THEMA MYTHOLOGIE I DIEU, LES ANGES, LA BIBLE

Souvent considéré comme l’un des derniers grands représentants du péplum mythologique, Hercule, Samson et Ulysse est la suite directe des Travaux d’Hercule (1958) et de Hercule et la Reine de Lydie (1959), tous deux déjà réalisés par Pietro Francisci et incarnés par Steve Reeves. Ce dernier étant pris par le tournage de Sandokan le Grand, c’est le culturiste italien Kirk Morris qui hérite ici de la peau de bête du héros. Andrea Fantasia assure la continuité, reprenant le rôle du roi Laërte, souverain d’Ithaque où Hercule mène une paisible vie de famille avec Iole, désormais incarnée par Diletta D’Andrea, Sylva Koscina étant indisponible. Le film suggère même que plusieurs années se sont écoulées, puisque le couple a un fils. Le jeune « chien fou » Ulysse est toujours de la partie, bien qu’interprété cette fois par Enzo Cerusico. Cela dit, malgré sa présence dans le titre américain et français, le héros de l’Odyssée n’a qu’un rôle secondaire dans cette nouvelle aventure (dont le titre original, plus honnête, peut se traduire par « Hercule défie Samson »). L’histoire réunit tout ce beau monde au Moyen-Orient, dans un crossover mythologique parfaitement fantaisiste. Adversaire de poids pour Hercule, Samson est incarné par Richard Lloyd, pseudonyme d’Iloosh Khoshabe, un culturiste iranien à la carrure impressionnante, parfait sous la défroque du célèbre géant biblique.

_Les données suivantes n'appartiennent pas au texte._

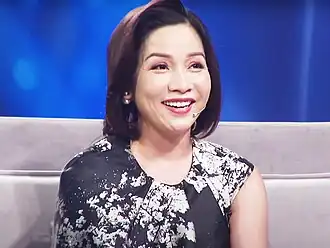 Description de l'image Mỹ Linh GMTQ.jpg.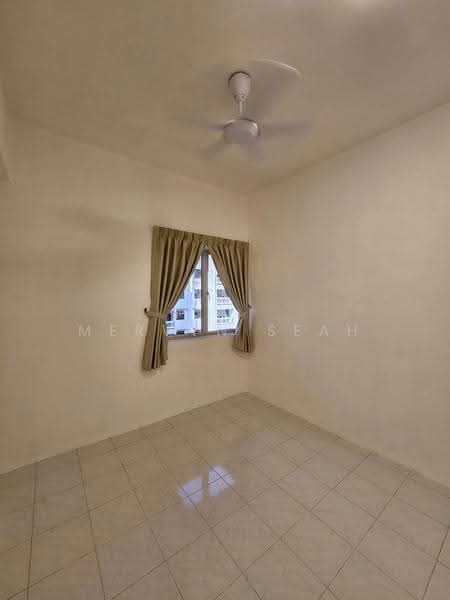 Pangsapuri untuk Dijual di Jambul View - Mervyn Seah - PropertyGuru.com.my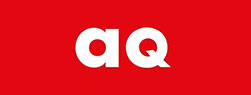 AQ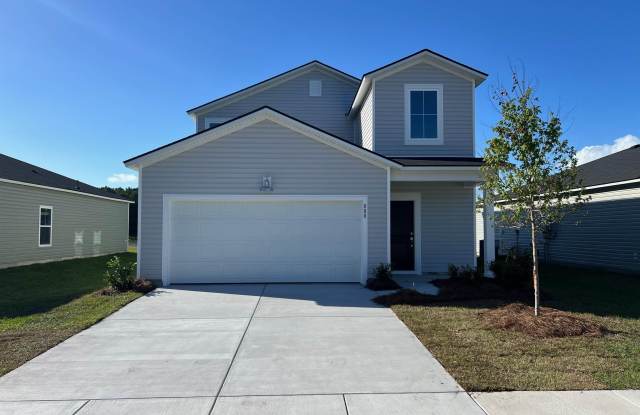 808 Wapama St. photos photos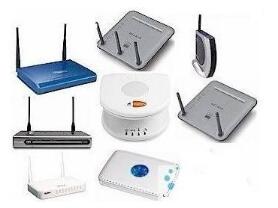 無線通訊類產品CE認證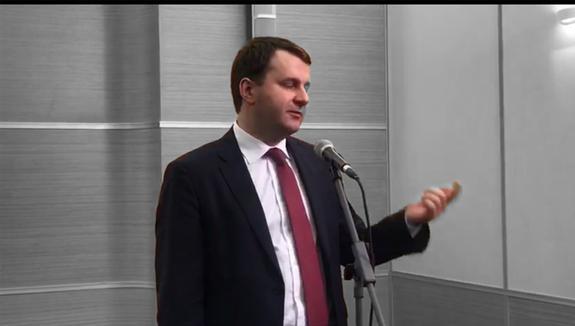 Глава Минэкономразвития рассказал, как прошли переговоры Путина и Лукашенко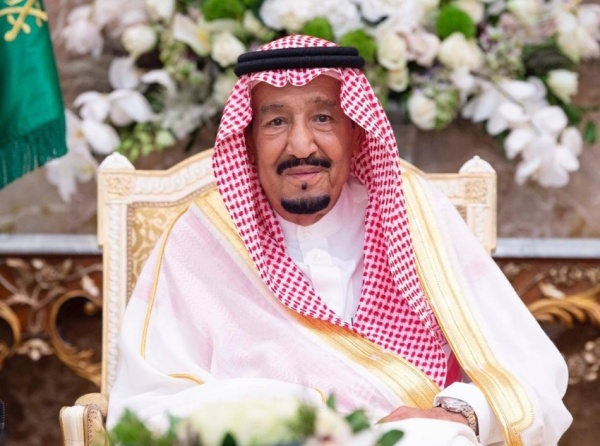 تحت رعاية خادم الحرمين ونيابة عنه نائب أمير مكة ي كر م غد ا الفائزين بمسابقة الملك عبدالعزيز الدولية لحفظ القرآن الكريم في دورتها الـ46 تحت رعاية خادم الحرمين ونيابة عنه نائب أمير مكة ي كر م غد ا الفائزين بمسابقة الملك عبدالعزيز الدولية لحفظ القرآن الكريم في دورتها الـ46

À Ithaque, paisible royaume grec gouverné par le roi Laerte, un monstrueux cétacé sème la terreur parmi les pêcheurs locaux. Alerté par une délégation affolée, le souverain décide d’envoyer son plus valeureux champion, Hercule, pour en finir avec la bête. Accompagné d’un équipage aguerri, le demi-dieu embarque avec à son bord le jeune Ulysse, fils du roi. La confrontation avec le monstre est brutale. Hercule parvient à le transpercer de sa lance, mais la mer se déchaîne dans un ultime sursaut de la créature mourante. Le navire est englouti par la tempête, et seuls six hommes survivent. Après des jours à la dérive sur les restes de l’embarcation, façon Le Radeau de la Méduse, Hercule, Ulysse et leurs compagnons échouent sur une terre inconnue : la Judée. Cherchant à rentrer chez eux, les naufragés marchent jusqu’au village des Danites, un peuple opprimé par les cruels Philistins. Espérant trouver un navire pour regagner la Grèce, ils se rendent à Gaza, la capitale ennemie. Mais leur présence attire vite l’attention. Car en chemin, Hercule affronte et étrangle un lion féroce sous les yeux médusés des locaux. À cause de cet exploit, le colosse grec est pris pour un célèbre fugitif danite, Samson, que les Philistins traquent sans relâche.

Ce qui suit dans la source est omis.